Une impulsion externe est donc indispensable. Des formations flexibles, basées sur la pratique, avec et pour les employeurs. Centrées sur des compétences qui sont en fait développées tout au long de la carrière étudiante et professionnelle. Les diplômes initiaux- ou de leur absence – perdent en importance à mesure que nous continuons à développer nos compétences dans des cercles parallèles et des réseaux formels. Les pouvoirs publics devront de plus en plus assumer un rôle de guide pour des initiatives à la fois publiques et privées.

Simultanément, nous devons aider les employeurs à changer leur regard sur leur capital humain. Il est plus important de pouvoir prouver sa capacité à s’acquitter d’une tâche ou assumer une fonction donnée que d’avoir fréquenté les bancs de l’école, ou d’une école en particulier. Dans le monde numérique surtout, les connaissances et compétences exigées évoluent si rapidement que les soft skills et l'”apprendre à apprendre” n’ont jamais été aussi cruciaux.

Faire la différence

Mais le développement d’un large assortiment de formes de formation ne nous affranchit pas de la nécessité de changer notre regard sur le recrutement. Nous devons être ouverts à la diversité sous toutes ses facettes. Nous devons réfléchir à ce qui est réellement nécessaire pour exercer un job et ce qui rend un collaborateur efficace.

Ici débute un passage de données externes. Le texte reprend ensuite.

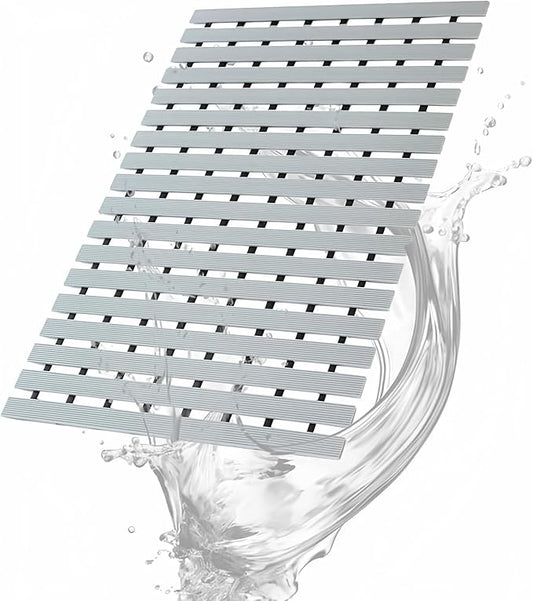 Bath Mat Non Slip Shower Mat Bathtub with Drain Holes and Heavy Duty Rubber No Suction Cups Sturdy Shower Stall Tub Mat for Bathroom, Shower Floor, Pool, SPA, (Grey, 17"x26")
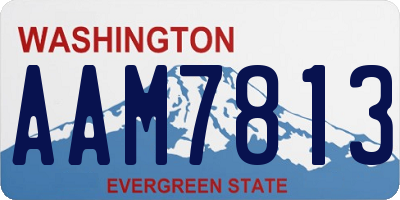 WA license plate AAM7813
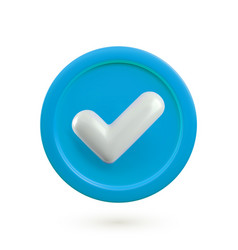 3d Check Mark Realistic Icon Trendy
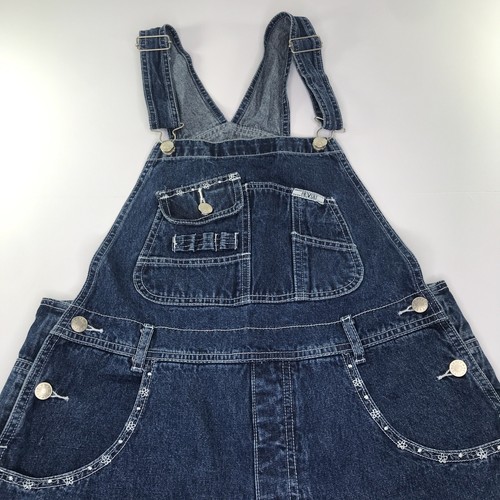 Womens REVOLT JEANS Blue Bib Overalls 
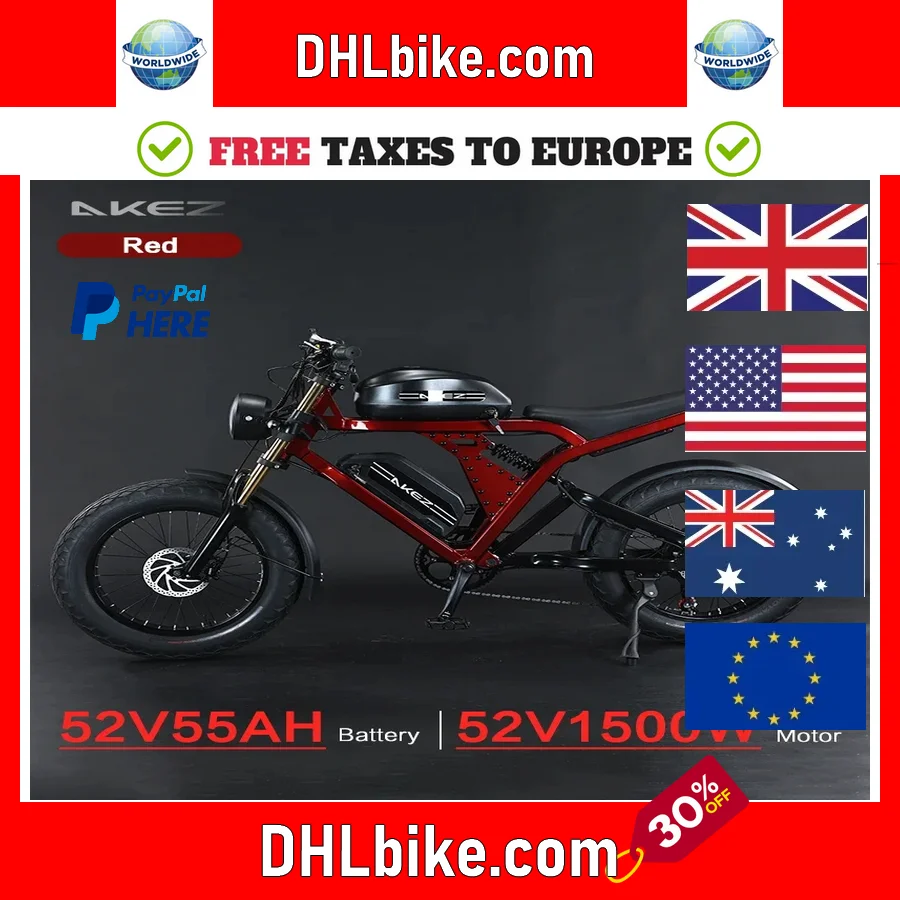 

2025 AKEZ 52V 1500W Ebike Aluminum Alloy Frame 20'' Off-Road Tires Long Range with 55Ah Dual Battery Electric Motorcycle city bi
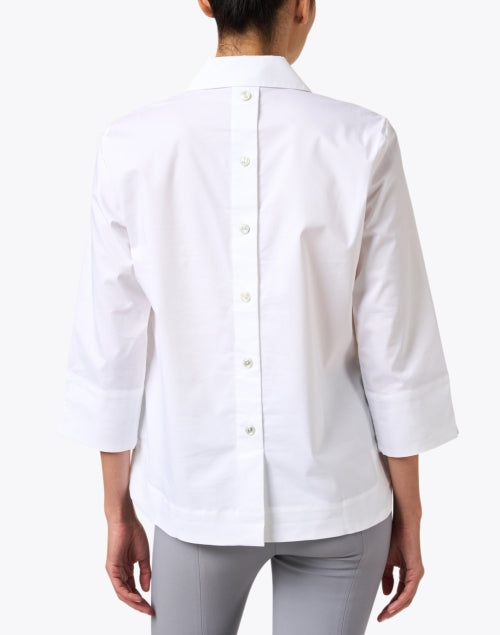 Aileen's Elegant White Cotton Henley-Style Top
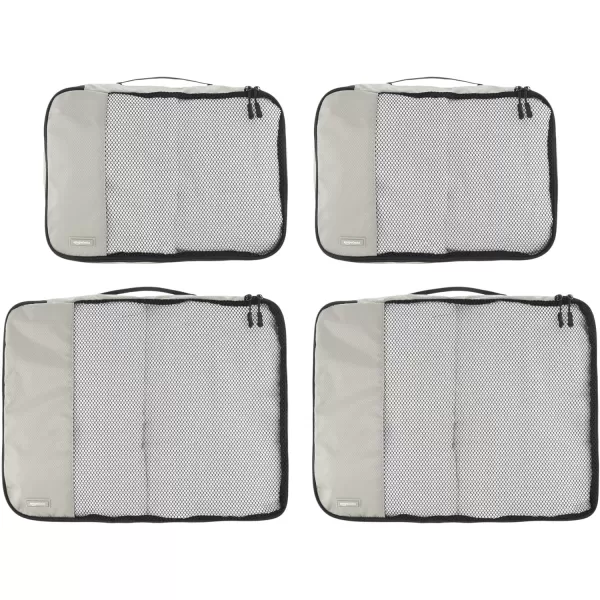 Amazon Basics 4 Piece Packing Travel Organizer Cubes Set 2 Medium and 2 Large Graygray 2 Medium and 2 Large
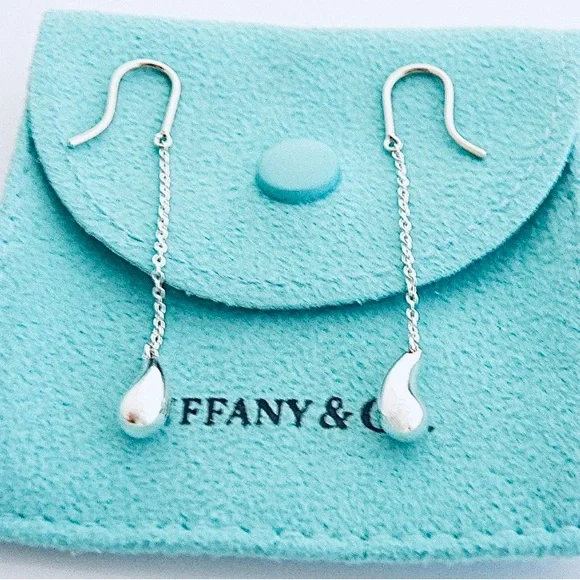 Tiffany & Co 💯% Auth Vintage Teardrop Chain Danglers w/Pouch ✨925 Sterling✨EUC✨ - Picture 2 of 8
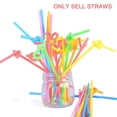thumbnail image 6 of SharkTRUE 100X Neon Straws Flexible Bendy Birthday Party Plastics Drinking Straws 8.2 Inch, 6 of 9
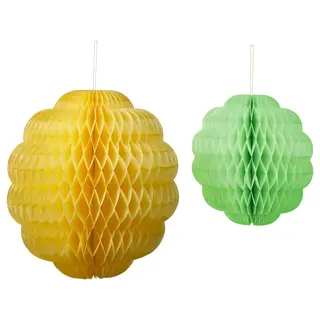 TJÄRLEK hanging decoration, set of 2, green/yellow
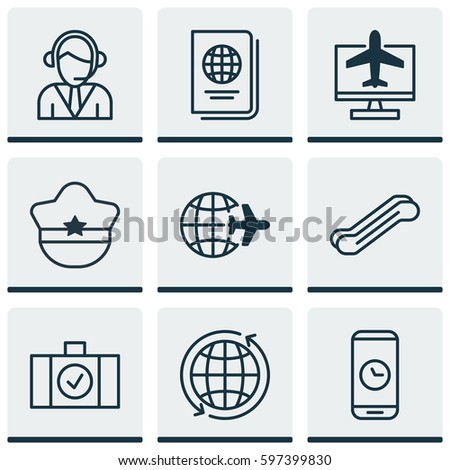 Set Of 9 Travel Icons. Includes Luggage Scanner, Call Duration, Worldwide Flight And Other Symbols. Beautiful Design Elements.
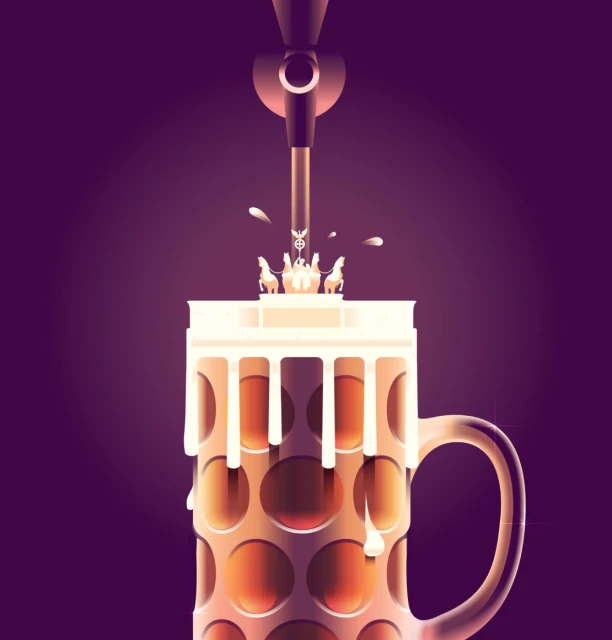 Stylized vector graphic of a beer mug with the Brandenburg Gate as the foam, beer tap above on a dark purple background.
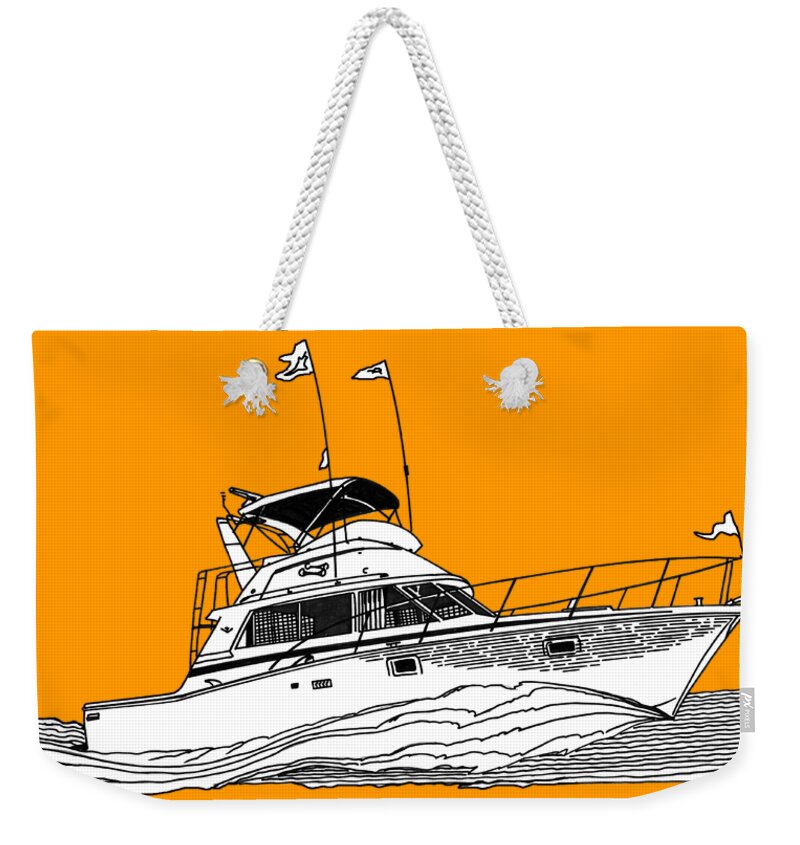 Custom Designs For Any Function Weekender Tote Bag featuring the drawing Sportfishing by Jack Pumphrey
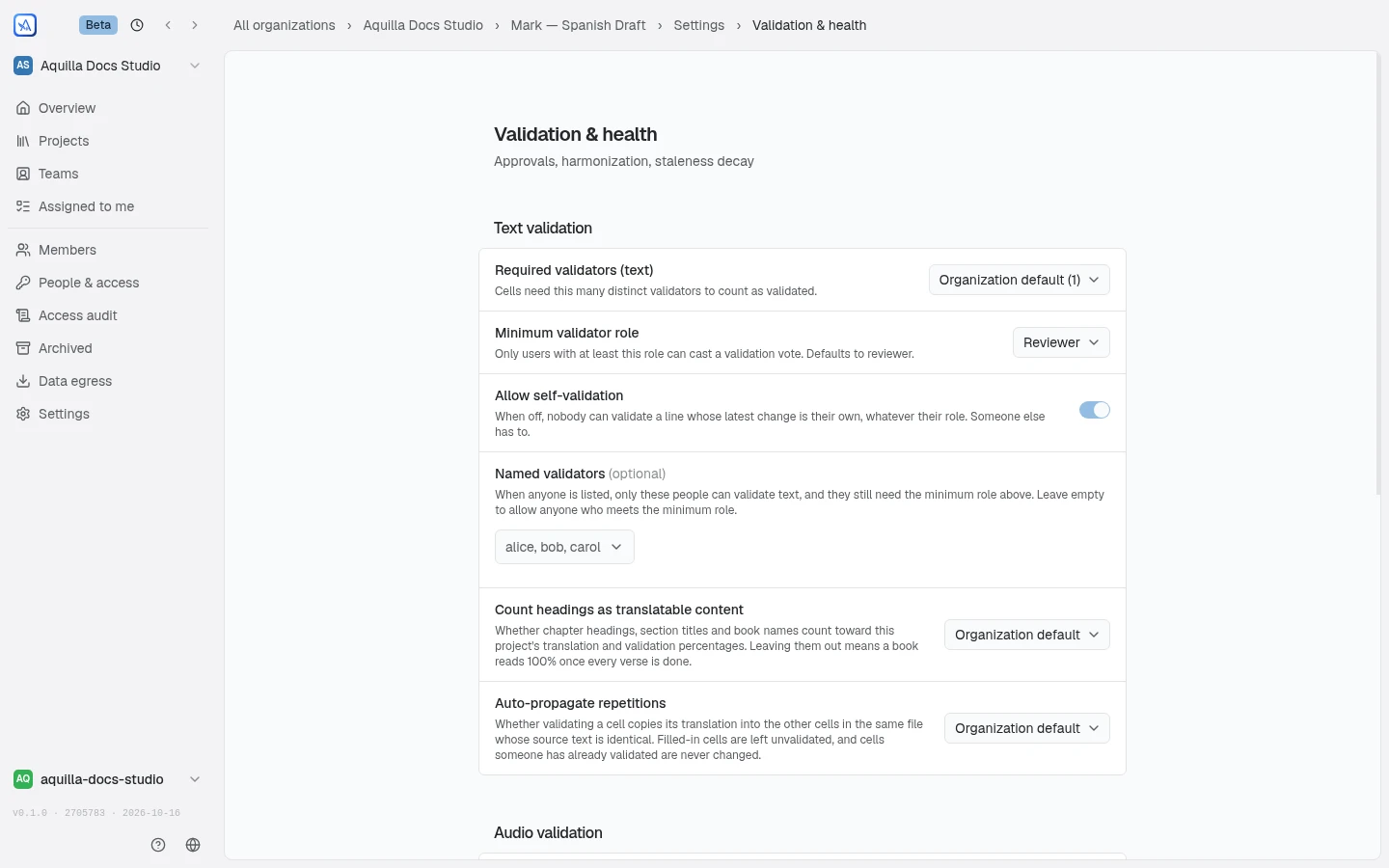 The Validation & health page in Project Settings for Mark — Spanish Draft, under Text validation: Required validators (text) set to Organization default (1), Minimum validator role set to Reviewer, an Allow self-validation switch (on), a Named validators field, and Count headings as translatable content and Auto-propagate repetitions both set to Organization default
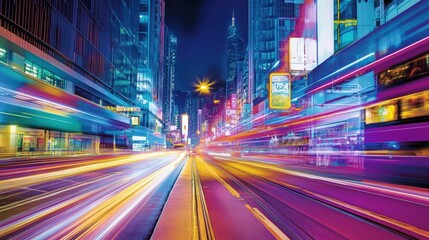 Obraz premium Vibrant Cityscape Night With Fast Moving Light Trails in Hong Kong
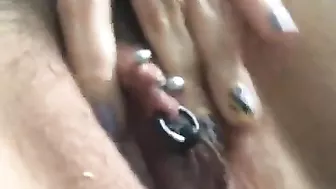 Amateur Hairy Pussy Play with Pierced Clit Orgasm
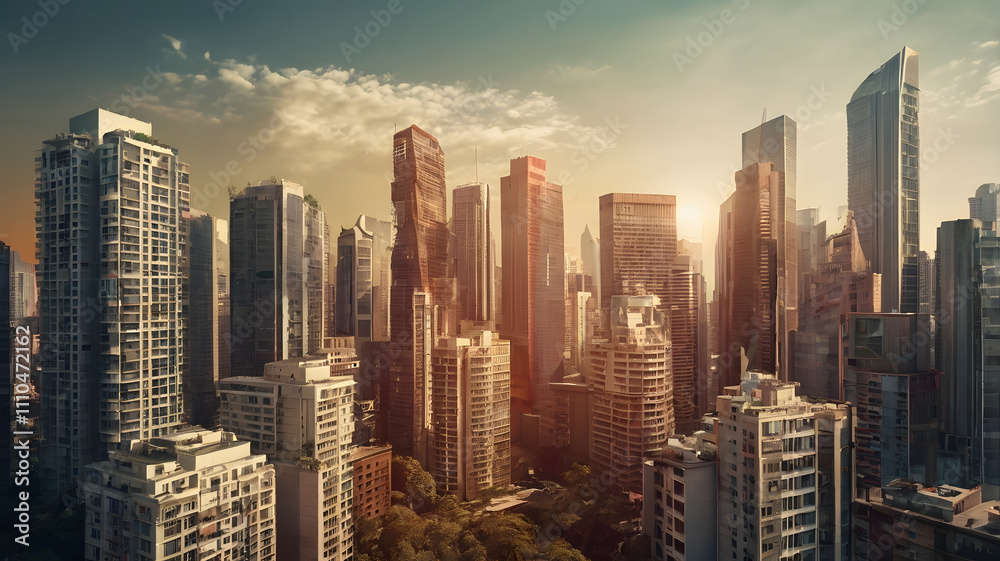 Obraz premium global warming high temperature city heat wave in summer season concept.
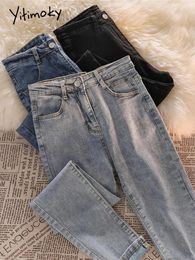 Women's Jeans High Waisted 2024 Korean Fashion Pencil Streetwear Vintage Casual Ankle Length Pants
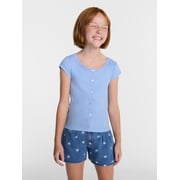 Wonder Nation Girls' Lace and Decorative Button-Front Short Sleeve Top, Sizes 4-18 & Plus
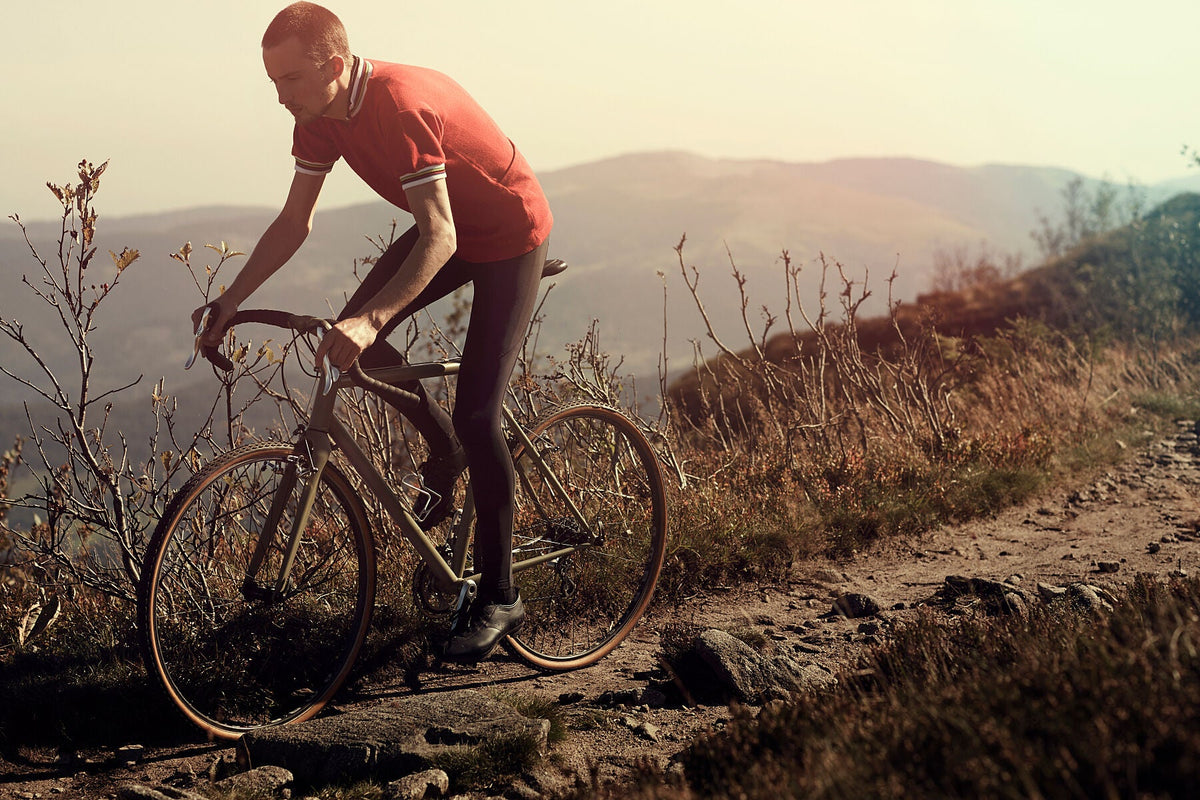 Cyclocross cycling print 'Rocky Road' - off-road cyclocross action on the bespoke Elian Cyclocross bike in the Vosges, France, fine art print by Cyclingprints.nl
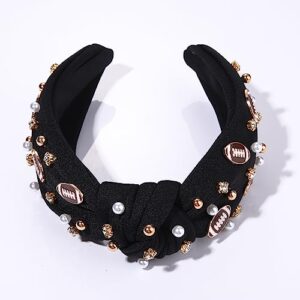 Football Headband Pearl Rhinestone Jeweled Knotted Headband Fun Sports White Hot Pink Black Blue Football Embellished Wide Top Knot Hairband Headpiece Game Day Sports Hair Accessories Gift for Football Mom Fans (black football headband)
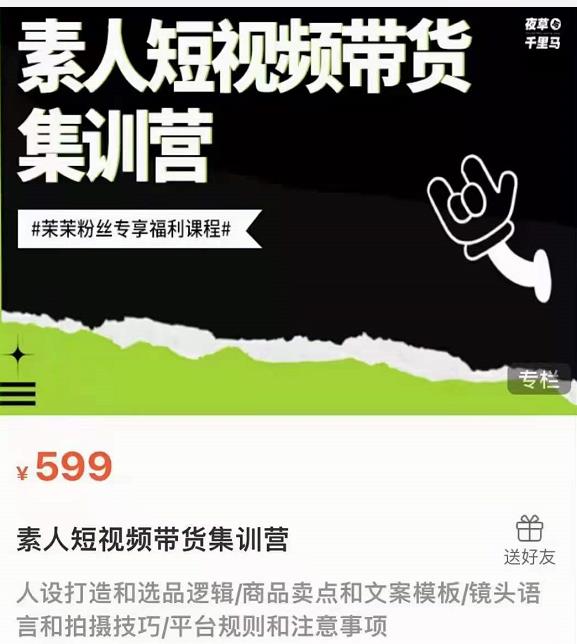 夜草与千里马素人短视频带货集训营，薛辉团队价值599-网赚36计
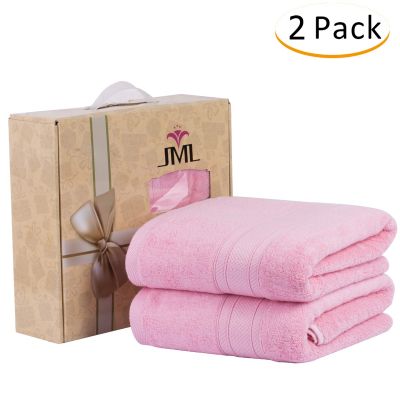 JML Bamboo Bath Towels(2 Pack, 27" x 55"), 500GSM - Soft and Absorbent,Pink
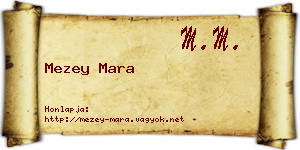 Mezey Mara névjegykártya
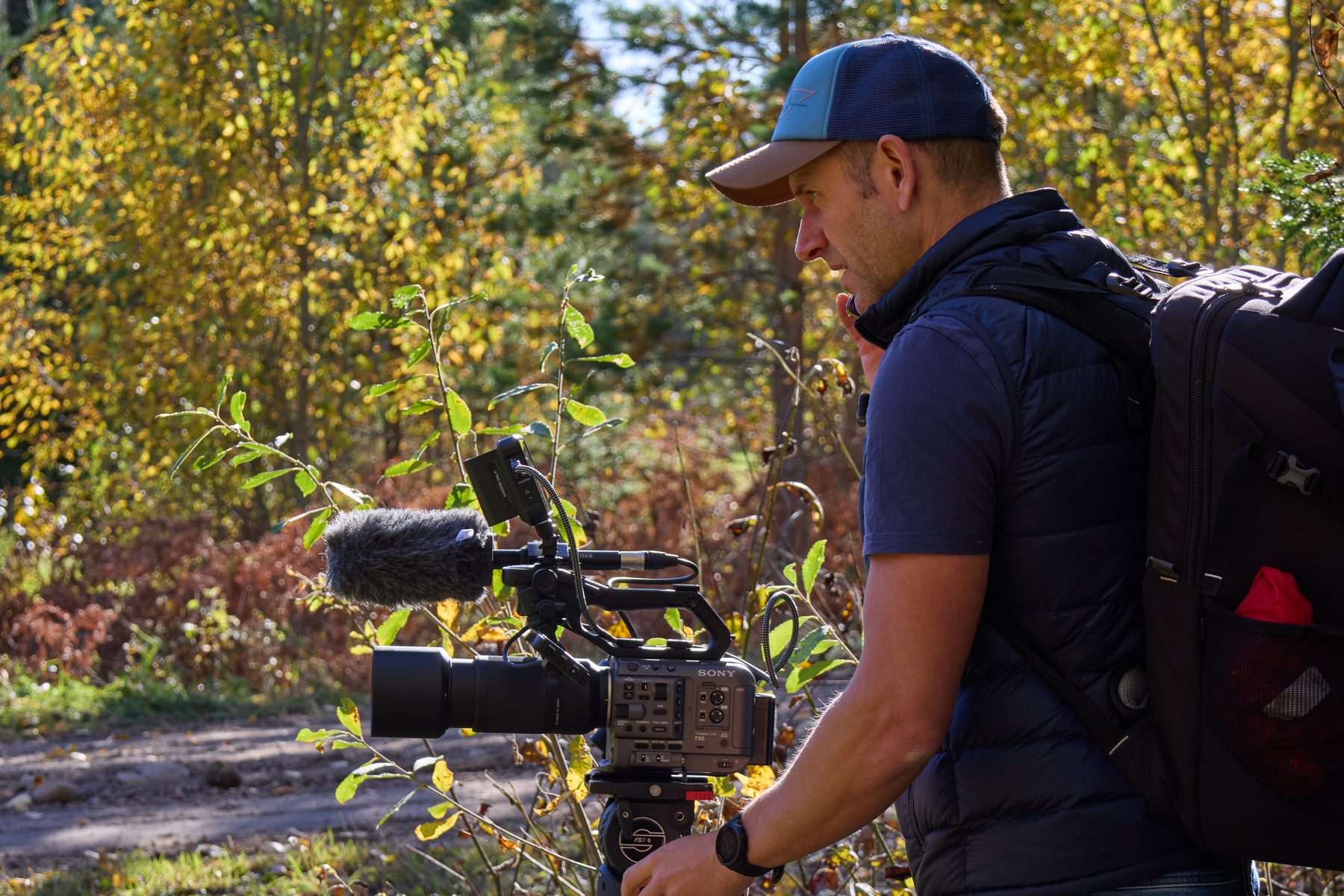 Paul Rhys filming with a Sony FX6 in a Swedish forest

Est-ce une compétence technique ou la vitesse à laquelle il s’adapte à des changements de conditions, accueille et intègre de nouveaux collègues dans l’équipe et contribue à ce que chacun se sente bien dans sa peau sur la durée – et réduise ainsi la rotation de personnel ? Comment évaluons-nous ces autres compétences ?

Tout commence par une réflexion approfondie sur les raisons fondamentales qui pousseraient un individu à rejoindre votre entreprise. Comment faites-vous la différence en tant qu’employeur ? De manière générale, les collaborateurs sont de plus en plus en recherche de sens, d’adéquation avec leurs normes et valeurs, de sentiment d’apporter leur pierre à l’édifice des résultats. L’absence de ces éléments est source de stress et de burnout.

L’employer branding ne va cesser de gagner en importance, car ce seront de plus en plus les travailleurs qui choisiront leur voie en fonction de ce que leur proposent différents employeurs. Et leur décision ne se fondera pas uniquement sur la fonction qui leur est offerte, mais aussi sur la culture de l’entreprise, les possibilités de poursuivre son développement, l’équilibre et l’impact sociaux…

Investir dans l’avenir

Dans un tel bouleversement, le retour sur investissement (financier) n’intervient bien entendu qu’à plus long terme. Et c’est problématique dans une économie portée par les résultats trimestriels comme la nôtre. A fortiori pour une start-up dont les investisseurs épient les moindres faits et gestes.

Il ne fait aucun doute que la culture des start-up correspond mieux aux attentes des demandeurs d’emploi modernes, avec plus grande attention pour les compétences et l’impact et davantage de possibilités de peser sur la trajectoire de l’entreprise. Mais la marge de manoeuvre financière y est souvent beaucoup plus réduite. De ce fait, une forte pression pèse trop longtemps sur les épaules des fondateurs. Or investir dans le talent, c’est investir dans l’avenir.

C’est pourquoi je voudrais appeler les investisseurs, lors de chaque investissement dans une entreprise, à investir simultanément un montant distinct dans le développement de talents présent dans cette entreprise et l’élaboration d’une stratégie commune. Investissez dans un recrutement et une formation créatifs des travailleurs des entreprises que vous avez en portefeuille et donnez-leur ainsi de l’air pour l’avenir. Les collaborateurs capables de supporter les montagnes russes de changements et de croissance qui attendent l’entreprise sont le berceau de votre futur rendement. Ce n’est pas sans raison que l’on évoque un capital humain.